[Records excerpted from a collection]
----

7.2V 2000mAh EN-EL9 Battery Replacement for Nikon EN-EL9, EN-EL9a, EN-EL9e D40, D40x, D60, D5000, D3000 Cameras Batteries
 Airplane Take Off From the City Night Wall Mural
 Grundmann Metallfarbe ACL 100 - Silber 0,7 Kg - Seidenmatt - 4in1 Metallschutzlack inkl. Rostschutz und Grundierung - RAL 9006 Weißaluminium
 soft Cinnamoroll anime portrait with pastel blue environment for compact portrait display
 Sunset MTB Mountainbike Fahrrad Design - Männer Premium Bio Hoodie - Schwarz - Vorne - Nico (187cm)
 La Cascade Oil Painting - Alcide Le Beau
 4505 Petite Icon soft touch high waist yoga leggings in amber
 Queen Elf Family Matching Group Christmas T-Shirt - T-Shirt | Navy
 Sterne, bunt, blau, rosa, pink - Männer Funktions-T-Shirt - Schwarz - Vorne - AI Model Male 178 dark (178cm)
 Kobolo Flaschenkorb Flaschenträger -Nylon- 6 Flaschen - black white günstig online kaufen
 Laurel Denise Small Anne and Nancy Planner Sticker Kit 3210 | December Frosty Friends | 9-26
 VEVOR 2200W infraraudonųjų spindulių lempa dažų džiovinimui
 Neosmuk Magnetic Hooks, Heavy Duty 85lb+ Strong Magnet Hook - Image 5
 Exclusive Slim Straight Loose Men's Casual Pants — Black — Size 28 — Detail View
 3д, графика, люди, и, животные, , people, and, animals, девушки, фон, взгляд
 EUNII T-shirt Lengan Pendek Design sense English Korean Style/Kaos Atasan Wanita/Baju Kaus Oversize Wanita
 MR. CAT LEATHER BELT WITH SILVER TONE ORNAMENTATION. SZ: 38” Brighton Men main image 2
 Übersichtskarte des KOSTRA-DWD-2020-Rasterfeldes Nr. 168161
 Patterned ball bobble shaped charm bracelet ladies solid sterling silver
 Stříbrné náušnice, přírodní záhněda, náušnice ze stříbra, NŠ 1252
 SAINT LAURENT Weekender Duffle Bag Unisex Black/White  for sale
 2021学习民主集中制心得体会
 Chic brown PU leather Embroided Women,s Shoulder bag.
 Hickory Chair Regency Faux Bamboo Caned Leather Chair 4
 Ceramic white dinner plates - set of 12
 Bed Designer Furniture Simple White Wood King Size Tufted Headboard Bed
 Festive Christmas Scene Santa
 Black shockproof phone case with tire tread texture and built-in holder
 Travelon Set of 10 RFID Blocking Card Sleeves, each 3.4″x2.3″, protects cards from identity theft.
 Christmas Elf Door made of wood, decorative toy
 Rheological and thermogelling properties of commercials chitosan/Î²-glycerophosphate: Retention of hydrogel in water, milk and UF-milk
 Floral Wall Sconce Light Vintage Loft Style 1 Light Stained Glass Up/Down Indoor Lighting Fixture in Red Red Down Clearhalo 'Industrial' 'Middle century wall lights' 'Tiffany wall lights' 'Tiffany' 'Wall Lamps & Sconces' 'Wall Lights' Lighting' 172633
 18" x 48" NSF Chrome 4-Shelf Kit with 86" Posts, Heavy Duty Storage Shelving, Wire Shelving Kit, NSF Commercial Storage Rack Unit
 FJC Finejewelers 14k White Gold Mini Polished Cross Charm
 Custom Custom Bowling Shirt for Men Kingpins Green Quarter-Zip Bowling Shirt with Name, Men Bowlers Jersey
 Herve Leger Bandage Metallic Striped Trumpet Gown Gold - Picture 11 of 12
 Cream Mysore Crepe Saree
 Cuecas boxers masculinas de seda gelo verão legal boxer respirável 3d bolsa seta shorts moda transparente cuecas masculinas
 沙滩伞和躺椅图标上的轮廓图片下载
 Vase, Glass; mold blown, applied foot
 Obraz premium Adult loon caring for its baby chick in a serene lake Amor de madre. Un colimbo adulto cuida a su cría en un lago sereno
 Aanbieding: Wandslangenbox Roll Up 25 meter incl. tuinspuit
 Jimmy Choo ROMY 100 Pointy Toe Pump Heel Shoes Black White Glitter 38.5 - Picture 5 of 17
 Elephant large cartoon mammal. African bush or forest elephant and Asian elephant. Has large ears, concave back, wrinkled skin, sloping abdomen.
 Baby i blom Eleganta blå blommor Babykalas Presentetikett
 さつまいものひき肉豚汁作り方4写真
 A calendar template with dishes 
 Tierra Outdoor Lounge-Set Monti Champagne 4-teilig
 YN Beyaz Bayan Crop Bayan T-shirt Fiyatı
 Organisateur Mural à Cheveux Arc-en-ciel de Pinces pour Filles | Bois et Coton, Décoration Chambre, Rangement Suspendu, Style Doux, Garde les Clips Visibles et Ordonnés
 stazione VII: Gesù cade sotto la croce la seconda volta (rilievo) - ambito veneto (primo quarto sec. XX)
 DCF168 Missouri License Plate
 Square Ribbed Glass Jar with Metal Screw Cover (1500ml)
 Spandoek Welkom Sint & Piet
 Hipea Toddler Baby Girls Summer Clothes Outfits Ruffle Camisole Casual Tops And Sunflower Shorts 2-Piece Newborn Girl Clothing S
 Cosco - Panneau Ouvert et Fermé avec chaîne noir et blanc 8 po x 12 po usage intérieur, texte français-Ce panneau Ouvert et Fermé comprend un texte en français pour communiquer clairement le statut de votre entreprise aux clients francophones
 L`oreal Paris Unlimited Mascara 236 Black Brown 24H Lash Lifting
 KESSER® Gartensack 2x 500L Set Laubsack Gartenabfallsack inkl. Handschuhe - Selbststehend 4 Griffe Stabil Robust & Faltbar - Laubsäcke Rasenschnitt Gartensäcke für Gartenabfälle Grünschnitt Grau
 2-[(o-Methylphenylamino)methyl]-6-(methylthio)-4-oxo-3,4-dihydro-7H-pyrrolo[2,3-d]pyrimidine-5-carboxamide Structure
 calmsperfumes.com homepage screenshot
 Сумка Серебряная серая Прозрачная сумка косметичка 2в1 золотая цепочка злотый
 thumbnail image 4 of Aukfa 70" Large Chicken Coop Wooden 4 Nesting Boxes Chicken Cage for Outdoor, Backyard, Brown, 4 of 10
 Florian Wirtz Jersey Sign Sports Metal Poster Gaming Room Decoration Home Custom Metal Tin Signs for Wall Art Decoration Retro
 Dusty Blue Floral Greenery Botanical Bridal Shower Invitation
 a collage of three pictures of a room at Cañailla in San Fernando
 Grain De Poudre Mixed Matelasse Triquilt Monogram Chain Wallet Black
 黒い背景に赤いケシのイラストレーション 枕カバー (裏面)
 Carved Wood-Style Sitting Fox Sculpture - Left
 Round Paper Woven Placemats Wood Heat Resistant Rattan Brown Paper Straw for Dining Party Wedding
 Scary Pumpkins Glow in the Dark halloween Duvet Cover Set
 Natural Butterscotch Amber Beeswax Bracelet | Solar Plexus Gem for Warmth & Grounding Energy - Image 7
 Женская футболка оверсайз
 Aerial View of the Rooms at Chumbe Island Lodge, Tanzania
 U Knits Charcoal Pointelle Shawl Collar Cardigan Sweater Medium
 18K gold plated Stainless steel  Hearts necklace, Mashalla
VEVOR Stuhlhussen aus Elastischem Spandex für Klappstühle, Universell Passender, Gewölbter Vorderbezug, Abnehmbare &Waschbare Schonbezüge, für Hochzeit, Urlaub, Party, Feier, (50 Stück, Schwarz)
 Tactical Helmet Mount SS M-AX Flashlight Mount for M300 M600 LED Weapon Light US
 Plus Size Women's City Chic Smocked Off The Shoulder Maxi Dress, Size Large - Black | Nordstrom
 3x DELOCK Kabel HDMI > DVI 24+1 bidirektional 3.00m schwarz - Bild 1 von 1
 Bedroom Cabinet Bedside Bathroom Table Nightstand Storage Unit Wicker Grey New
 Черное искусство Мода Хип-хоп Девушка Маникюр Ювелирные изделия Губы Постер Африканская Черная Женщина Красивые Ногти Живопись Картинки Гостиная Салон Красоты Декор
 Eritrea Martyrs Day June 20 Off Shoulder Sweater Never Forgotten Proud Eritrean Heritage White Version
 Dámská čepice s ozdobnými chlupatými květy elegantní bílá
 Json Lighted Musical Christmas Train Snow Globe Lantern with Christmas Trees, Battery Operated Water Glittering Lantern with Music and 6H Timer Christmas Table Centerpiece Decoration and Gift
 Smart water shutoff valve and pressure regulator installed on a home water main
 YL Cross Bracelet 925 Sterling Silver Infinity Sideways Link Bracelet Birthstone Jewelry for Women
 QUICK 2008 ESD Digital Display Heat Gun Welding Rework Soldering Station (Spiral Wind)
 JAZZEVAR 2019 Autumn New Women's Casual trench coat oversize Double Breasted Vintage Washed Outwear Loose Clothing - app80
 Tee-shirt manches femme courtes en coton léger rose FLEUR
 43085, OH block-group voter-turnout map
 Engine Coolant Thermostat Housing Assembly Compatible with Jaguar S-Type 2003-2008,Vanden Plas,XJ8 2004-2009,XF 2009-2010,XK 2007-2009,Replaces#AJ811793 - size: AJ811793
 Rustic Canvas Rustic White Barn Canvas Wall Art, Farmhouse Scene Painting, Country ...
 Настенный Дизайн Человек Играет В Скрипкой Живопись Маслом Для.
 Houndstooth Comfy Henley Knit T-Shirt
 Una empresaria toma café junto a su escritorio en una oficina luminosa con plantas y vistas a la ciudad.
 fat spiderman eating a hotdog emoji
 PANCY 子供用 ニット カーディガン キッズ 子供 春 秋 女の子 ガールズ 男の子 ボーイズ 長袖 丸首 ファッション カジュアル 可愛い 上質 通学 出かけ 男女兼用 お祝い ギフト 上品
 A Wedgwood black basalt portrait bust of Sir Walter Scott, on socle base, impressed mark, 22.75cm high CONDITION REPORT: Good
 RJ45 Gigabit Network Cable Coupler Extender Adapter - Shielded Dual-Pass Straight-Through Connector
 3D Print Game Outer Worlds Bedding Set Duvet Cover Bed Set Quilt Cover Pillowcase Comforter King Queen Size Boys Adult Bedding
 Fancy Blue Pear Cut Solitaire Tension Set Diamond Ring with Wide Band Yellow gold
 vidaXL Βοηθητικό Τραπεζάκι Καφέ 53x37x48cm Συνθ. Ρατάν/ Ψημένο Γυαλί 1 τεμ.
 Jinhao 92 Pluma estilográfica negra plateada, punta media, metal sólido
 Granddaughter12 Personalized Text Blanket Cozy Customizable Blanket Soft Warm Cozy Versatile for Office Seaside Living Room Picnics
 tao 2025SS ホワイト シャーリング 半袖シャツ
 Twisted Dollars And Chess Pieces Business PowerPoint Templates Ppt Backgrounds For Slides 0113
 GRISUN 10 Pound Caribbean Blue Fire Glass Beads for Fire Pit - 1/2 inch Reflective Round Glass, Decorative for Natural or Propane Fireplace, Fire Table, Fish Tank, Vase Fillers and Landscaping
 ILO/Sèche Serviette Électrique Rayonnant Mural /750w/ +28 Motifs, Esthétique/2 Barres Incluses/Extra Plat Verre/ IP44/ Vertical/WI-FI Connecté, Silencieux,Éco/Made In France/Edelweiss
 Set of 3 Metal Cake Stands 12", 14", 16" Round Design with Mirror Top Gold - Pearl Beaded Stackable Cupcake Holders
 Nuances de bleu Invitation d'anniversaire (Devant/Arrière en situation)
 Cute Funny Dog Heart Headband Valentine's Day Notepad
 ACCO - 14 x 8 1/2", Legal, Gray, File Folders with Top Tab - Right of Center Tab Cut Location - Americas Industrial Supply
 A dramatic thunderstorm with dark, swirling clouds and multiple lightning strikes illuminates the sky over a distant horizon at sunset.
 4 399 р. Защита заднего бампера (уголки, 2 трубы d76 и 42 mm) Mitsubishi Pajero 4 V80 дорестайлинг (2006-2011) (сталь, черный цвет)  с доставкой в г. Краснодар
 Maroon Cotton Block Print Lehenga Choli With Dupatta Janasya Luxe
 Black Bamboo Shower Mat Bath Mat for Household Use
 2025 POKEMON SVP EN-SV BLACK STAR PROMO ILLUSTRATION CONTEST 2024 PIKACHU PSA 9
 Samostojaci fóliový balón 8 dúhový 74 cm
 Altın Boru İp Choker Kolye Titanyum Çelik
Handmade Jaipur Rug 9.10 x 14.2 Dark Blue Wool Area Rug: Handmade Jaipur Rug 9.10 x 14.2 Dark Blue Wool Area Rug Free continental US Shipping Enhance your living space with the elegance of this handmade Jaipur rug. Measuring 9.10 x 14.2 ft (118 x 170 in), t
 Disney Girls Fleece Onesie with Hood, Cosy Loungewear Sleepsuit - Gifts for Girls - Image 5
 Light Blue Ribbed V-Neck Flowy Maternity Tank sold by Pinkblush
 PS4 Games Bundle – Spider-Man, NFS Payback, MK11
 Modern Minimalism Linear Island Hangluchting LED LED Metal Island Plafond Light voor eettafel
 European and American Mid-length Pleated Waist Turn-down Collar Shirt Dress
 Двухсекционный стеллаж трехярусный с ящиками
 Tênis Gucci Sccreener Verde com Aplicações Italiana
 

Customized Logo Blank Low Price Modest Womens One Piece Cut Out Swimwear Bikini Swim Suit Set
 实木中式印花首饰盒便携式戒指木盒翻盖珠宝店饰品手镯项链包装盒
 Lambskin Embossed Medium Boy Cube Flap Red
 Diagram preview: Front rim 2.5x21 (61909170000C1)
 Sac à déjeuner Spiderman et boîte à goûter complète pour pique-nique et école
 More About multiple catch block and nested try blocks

----

- _TASK_: Starting with the first line of the entries, transcribe every line up to and including the one with "soft Cinnamoroll anime".

- _OUTPUT OF THE TASK_:
7.2V 2000mAh EN-EL9 Battery Replacement for Nikon EN-EL9, EN-EL9a, EN-EL9e D40, D40x, D60, D5000, D3000 Cameras Batteries
 Airplane Take Off From the City Night Wall Mural
 Grundmann Metallfarbe ACL 100 - Silber 0,7 Kg - Seidenmatt - 4in1 Metallschutzlack inkl. Rostschutz und Grundierung - RAL 9006 Weißaluminium
 soft Cinnamoroll anime portrait with pastel blue environment for compact portrait display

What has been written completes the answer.